CMIP/CMOT provides for parameter collection and setting, as with SNMP, but also allows for more types of operations. Many CMIP/CMOT features, such as globally unique object naming, object classification, alarm reporting, audit trails, and test management, can also be provided by SNMP by creating new MIBs and tools to support such abstractions.

In general, SNMP is simpler to configure and use than CMIP/CMOT, helping make it widely accepted. It is usually easier to instrument network devices with SNMP. SNMP is used in monitoring, instrumentation, and configuration mechanisms, all of which are discussed in the following sections.

7.5.1 Monitoring Mechanisms

Monitoring is obtaining values for end-to-end, per-link, and per-element characteristics. The monitoring process involves collecting data about the desired characteristics, processing some or all of these data, displaying the (processed) data, and archiving a subset of these data.

Data are usually collected through a polling (actively probing network devices for management data) or monitoring process involving a network management protocol (e.g., SNMP) or proxy service. As we will see later in this chapter, several techniques may be used to get this data, as well as to ensure that the data are current and valid. When the data are gathered, they may or may not reflect the characteristics we wish to monitor. Values for some characteristics may have to be derived from the gathered data, and other values may be modified (e.g., added, subtracted, time averaged). This is processing of the data.

Sets of raw (unprocessed) and processed data will need to be displayed. There are different types of displays you may use, including standard monitor displays, field-of-view or wide-screen displays, and special-purpose displays. Along with choosing displays, you will also want to consider how the data will be shown to the user, administrator, or manager. There are several techniques to display data, such as logs and textual displays, graphs and charts (both static and moving), and alarms. Some data may be abstracted by symbols, such as showing parts of the network as a cloud.

At some time during this process, some or all of the data are saved to a (semi) permanent media or system. This part of the process may have multiple steps, including primary storage, the staging of data for short periods, which could be at the network management server; secondary storage, the aggregation of data from multiple primary storage sites, at a storage server for the network; and tertiary storage, which is usually the most permanent—and slowest—storage within the network. Secondary and tertiary storage is often termed storage archives. Figure 7.4 shows each part of this process occurring on a separate device, but they may all be combined on a single device.

Figure 7.4: Elements of the monitoring process.
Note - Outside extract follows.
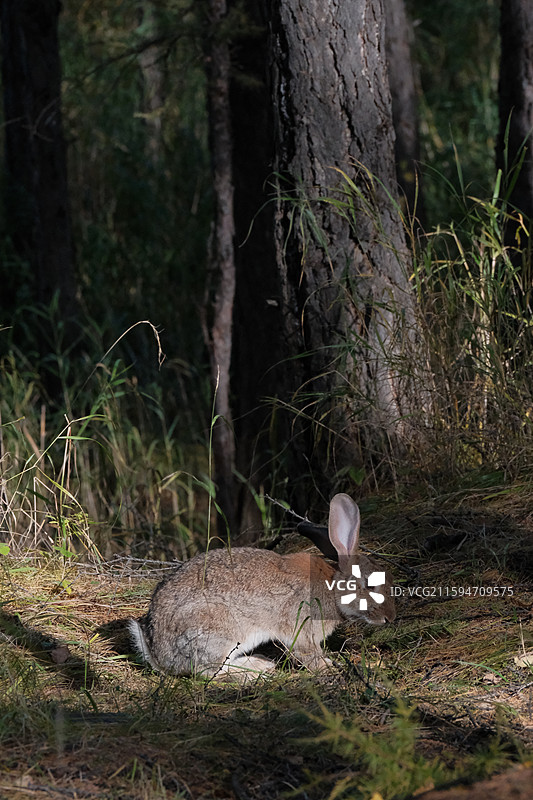 桦树林的野兔 摄于敖鲁古雅使鹿部落景区图片素材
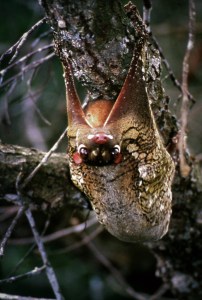 Colugo (flying lemur) in Lambir Hills National Park, Sarawak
Monitoring for Event Notification

An event is something that occurs in the network that is worthy of noting. This may be a problem or failure in a network device, across the network, or when a characteristic crosses a threshold value. It may only be something that is informational to the user, administrator, or manager, such as notification of an upgrade. Events may be noted in a log file, on a display, or by issuing an alarm, depending on the level of priority of the event. Events are similar to transients, which are short-lived changes in the behavior of the network. Thresholds or boundaries may be set on end-to-end, per-link, or per-element characteristics for short-term or immediate notification of events and transients. This is termed here real-time analysis.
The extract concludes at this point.